Кроме того, на практике последовательного процесса денацификации никогда не было. Именно поэтому в 80-х и 90-х годах в Германии было множество топовых банкиров и руководителей компаний, которые в прошлом были нацистскими офицерами. Так что мы, конечно, должны признавать заслуги немцев в плане осмысления своего прошлого, но не думаю, что этот пример стоит идеализировать.
Анна Шор-Чудновская:
Я бы хотела напомнить об одной убедительной концепции немецкого культуролога Алейды Ассман. Она разделяет память на коммуникативную и культурную. Коммуникативная память живет до тех пор, пока живы свидетели событий. Культурная память приходит ей на смену, когда свидетели уходят. Она питается исключительно мифами. Германия уже вошла в фазу культурной памяти. Свидетелей почти не осталось, и это уже «другая» Германия. Нас еще ждут не только селфи на фоне мемориалов, но и другие трансформации.
Что делать? Можно предложить два рецепта. Во-первых, многоголосие. У памяти должно быть много «актеров». Не может одно лишь государство диктовать, как нам смотреть на историю. Должно быть множество разных голосов, и каждый должен иметь право высказываться без риска получить тюремный срок от пяти лет и выше. Только в условиях многоголосия есть надежда, что история не превратится в чистую манипуляцию.

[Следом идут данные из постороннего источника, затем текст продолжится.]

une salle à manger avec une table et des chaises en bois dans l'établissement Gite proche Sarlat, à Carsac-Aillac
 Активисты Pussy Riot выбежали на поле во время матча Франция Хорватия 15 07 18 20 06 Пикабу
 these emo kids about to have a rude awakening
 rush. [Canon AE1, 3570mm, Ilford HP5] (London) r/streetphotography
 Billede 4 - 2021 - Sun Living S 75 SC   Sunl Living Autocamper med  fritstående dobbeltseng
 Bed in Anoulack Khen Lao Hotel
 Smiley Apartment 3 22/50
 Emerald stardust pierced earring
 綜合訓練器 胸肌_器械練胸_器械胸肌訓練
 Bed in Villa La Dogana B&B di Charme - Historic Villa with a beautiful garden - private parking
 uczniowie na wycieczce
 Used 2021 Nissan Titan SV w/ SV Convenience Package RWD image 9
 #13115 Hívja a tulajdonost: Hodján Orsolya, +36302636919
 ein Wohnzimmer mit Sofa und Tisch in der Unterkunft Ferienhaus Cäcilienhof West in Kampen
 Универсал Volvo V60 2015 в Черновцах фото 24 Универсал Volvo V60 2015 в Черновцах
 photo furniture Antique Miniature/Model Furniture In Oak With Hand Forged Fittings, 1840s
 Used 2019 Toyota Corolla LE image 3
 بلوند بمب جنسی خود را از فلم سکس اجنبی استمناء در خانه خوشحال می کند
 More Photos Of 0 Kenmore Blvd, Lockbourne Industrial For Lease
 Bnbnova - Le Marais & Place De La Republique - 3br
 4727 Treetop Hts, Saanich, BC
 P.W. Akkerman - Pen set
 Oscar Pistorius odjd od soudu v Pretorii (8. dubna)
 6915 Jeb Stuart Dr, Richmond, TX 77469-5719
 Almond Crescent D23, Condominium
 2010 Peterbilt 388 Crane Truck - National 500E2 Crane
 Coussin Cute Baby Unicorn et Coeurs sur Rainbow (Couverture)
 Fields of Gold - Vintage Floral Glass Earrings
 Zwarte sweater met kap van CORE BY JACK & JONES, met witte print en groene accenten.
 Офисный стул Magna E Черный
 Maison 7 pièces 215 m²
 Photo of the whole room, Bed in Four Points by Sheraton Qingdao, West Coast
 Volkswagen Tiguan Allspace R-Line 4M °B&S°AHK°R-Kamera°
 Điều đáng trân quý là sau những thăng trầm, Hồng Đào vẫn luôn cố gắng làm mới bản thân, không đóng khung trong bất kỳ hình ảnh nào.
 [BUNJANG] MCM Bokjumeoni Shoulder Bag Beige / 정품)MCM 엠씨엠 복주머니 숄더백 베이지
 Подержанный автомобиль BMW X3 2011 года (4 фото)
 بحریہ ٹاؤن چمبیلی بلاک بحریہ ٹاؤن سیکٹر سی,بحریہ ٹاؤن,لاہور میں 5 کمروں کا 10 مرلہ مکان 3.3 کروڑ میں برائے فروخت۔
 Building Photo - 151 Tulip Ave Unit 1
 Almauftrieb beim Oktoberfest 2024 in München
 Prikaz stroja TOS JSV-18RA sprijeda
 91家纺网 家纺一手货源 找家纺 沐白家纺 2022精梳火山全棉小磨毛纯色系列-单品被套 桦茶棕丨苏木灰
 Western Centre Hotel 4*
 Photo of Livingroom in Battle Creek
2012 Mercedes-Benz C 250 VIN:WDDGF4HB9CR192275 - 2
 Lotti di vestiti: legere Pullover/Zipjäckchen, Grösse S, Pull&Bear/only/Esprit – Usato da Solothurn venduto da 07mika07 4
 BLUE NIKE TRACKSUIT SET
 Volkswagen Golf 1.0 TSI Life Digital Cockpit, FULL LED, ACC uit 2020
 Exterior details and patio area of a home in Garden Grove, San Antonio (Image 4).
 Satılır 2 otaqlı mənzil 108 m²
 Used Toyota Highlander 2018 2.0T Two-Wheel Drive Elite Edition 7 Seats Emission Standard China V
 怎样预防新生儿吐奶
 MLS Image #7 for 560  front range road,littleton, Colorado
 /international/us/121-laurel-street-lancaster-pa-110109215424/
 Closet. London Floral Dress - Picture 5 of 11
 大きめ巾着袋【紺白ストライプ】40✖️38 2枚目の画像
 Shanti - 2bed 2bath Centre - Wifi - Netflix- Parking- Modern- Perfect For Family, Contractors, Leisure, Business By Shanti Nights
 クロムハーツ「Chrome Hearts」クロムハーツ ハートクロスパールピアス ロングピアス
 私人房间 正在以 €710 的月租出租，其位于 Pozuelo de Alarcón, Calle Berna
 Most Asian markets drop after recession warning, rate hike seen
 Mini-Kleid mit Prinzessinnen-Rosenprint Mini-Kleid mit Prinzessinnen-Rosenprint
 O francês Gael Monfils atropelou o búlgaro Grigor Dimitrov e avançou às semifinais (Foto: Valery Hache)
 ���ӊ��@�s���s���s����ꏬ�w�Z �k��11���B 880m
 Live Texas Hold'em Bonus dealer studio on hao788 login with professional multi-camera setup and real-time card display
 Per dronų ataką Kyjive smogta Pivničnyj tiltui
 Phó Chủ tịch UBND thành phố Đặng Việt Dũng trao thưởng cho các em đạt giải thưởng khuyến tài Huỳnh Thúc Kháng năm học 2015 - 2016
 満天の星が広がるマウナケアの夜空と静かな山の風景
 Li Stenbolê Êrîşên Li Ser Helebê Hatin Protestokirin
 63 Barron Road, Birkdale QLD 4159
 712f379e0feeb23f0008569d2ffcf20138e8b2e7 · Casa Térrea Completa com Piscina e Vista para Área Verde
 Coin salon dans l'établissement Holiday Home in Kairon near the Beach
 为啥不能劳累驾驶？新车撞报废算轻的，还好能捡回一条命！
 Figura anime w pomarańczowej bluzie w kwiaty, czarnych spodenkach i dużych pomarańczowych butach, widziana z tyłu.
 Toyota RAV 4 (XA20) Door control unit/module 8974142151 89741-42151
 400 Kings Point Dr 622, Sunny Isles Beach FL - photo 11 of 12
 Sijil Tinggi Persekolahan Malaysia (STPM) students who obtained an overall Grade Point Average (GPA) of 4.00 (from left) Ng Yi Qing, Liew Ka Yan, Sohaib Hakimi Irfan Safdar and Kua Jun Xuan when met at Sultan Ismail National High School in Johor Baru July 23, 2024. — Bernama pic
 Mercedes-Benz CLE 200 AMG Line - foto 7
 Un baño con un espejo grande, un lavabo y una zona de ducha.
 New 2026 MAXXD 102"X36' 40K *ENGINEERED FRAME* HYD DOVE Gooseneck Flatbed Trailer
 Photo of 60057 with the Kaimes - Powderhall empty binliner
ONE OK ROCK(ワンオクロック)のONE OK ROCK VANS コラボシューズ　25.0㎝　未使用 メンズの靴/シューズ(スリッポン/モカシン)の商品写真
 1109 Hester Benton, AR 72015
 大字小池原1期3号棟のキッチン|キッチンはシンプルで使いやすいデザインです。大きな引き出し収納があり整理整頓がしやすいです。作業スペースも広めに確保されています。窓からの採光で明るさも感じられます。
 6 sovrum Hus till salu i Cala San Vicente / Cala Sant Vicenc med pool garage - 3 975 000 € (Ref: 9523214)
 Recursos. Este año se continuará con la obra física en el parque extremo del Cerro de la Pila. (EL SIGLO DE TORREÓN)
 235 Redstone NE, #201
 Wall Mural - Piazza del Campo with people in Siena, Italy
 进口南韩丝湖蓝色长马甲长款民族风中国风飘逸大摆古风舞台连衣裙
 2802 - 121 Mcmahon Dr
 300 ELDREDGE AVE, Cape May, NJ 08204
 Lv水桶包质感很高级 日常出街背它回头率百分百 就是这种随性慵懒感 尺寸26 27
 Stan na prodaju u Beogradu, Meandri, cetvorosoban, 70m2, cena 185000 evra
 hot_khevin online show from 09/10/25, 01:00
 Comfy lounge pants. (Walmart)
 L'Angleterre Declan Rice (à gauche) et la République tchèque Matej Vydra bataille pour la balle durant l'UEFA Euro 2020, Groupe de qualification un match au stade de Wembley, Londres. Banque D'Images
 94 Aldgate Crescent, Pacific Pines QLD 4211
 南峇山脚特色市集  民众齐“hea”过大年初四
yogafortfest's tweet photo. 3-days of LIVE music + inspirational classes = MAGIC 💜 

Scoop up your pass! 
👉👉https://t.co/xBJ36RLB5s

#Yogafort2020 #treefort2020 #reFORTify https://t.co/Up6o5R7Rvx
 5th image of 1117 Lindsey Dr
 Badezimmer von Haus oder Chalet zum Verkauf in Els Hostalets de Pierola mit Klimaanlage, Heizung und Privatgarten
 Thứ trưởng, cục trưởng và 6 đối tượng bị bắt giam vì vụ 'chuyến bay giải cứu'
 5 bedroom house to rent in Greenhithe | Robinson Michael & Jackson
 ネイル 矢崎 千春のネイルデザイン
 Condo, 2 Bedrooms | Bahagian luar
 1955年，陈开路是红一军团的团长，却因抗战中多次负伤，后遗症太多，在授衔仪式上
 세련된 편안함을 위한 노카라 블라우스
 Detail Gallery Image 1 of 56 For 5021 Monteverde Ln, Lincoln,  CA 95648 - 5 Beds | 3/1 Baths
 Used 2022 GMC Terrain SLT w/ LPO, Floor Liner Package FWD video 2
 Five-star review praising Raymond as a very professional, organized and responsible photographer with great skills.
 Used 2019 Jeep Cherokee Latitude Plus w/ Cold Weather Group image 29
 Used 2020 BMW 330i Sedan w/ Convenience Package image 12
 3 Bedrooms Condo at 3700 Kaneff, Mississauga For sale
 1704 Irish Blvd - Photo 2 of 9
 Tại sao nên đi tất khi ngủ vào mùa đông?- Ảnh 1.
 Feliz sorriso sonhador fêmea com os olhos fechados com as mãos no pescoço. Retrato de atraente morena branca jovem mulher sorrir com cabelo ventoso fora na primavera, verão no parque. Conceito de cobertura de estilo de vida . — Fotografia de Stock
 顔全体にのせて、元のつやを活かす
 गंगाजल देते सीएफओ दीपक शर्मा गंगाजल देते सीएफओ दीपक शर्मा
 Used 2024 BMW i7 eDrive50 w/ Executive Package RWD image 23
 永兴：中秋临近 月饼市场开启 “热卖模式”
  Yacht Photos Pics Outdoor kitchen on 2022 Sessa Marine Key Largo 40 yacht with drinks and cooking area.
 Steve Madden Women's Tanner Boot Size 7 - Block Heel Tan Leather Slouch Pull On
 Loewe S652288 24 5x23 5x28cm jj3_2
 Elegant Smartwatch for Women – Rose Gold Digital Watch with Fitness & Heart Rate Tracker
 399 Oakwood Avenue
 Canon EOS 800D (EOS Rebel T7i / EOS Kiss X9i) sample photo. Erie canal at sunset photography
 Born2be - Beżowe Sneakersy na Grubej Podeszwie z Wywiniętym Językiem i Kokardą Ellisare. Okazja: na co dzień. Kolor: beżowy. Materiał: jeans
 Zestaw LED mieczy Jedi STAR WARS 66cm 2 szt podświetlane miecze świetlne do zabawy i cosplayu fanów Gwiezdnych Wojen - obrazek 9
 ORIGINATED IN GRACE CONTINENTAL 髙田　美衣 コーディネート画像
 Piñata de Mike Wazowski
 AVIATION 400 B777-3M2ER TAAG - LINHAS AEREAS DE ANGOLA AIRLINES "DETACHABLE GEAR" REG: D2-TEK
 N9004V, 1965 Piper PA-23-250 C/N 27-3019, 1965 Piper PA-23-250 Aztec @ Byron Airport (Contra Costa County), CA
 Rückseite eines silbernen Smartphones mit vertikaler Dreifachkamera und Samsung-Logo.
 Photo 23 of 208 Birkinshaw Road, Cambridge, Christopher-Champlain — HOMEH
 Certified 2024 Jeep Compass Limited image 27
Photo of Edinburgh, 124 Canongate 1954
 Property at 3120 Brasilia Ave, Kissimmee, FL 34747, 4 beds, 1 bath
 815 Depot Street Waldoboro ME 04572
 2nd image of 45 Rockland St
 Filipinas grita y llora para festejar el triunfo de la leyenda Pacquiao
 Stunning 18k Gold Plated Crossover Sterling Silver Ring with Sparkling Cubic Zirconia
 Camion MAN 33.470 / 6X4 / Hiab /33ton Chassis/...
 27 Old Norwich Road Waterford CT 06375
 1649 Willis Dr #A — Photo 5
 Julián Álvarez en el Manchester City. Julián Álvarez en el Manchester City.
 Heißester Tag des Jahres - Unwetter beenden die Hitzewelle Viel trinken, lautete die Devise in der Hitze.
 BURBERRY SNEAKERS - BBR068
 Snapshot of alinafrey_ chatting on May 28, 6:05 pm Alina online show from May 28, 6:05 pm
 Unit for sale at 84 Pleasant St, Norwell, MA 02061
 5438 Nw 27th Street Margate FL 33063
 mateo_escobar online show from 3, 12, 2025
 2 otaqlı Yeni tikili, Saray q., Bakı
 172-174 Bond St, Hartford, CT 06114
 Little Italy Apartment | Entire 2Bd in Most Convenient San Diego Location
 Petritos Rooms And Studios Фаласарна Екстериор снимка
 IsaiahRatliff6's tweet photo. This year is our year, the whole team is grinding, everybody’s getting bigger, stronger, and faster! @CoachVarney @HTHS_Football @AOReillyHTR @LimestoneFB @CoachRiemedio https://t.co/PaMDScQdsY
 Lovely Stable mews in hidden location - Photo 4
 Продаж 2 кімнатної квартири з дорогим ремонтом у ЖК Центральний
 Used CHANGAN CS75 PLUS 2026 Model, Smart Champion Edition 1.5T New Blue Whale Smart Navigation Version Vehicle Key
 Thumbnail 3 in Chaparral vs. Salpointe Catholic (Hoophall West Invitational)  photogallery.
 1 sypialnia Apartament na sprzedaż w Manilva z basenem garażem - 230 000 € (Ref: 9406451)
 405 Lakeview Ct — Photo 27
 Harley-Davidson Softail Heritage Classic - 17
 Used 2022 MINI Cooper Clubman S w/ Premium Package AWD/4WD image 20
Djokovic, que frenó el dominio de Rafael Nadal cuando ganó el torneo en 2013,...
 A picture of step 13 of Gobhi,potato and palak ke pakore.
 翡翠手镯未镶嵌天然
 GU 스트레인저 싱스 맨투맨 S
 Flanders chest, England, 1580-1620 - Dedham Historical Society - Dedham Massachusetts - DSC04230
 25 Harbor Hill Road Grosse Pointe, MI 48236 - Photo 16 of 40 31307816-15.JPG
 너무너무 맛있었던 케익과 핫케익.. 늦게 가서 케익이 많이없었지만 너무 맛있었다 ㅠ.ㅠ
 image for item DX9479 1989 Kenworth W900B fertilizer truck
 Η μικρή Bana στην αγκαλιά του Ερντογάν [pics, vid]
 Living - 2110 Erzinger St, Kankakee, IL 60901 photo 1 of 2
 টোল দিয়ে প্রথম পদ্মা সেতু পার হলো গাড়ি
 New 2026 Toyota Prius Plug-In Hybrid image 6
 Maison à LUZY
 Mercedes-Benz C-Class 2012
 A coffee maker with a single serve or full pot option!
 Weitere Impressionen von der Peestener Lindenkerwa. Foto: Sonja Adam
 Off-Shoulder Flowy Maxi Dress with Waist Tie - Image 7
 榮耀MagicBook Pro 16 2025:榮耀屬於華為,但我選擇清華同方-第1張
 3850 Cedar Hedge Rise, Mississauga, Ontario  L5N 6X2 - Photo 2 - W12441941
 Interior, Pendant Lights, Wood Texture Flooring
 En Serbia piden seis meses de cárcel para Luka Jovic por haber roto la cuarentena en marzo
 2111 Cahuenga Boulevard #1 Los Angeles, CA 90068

А во-вторых, борьба с мифами. Любая история со временем обрастает мифами, это естественный процесс. Единственное, что мы можем делать — это кропотливо, изо дня в день работать над их разоблачением. У этой работы нет окончательного результата. Это как чистка зубов: вы не можете почистить их один раз и на всю жизнь. Нужно бороться с мифами каждый день, даже если этот труд кажется безнадежным.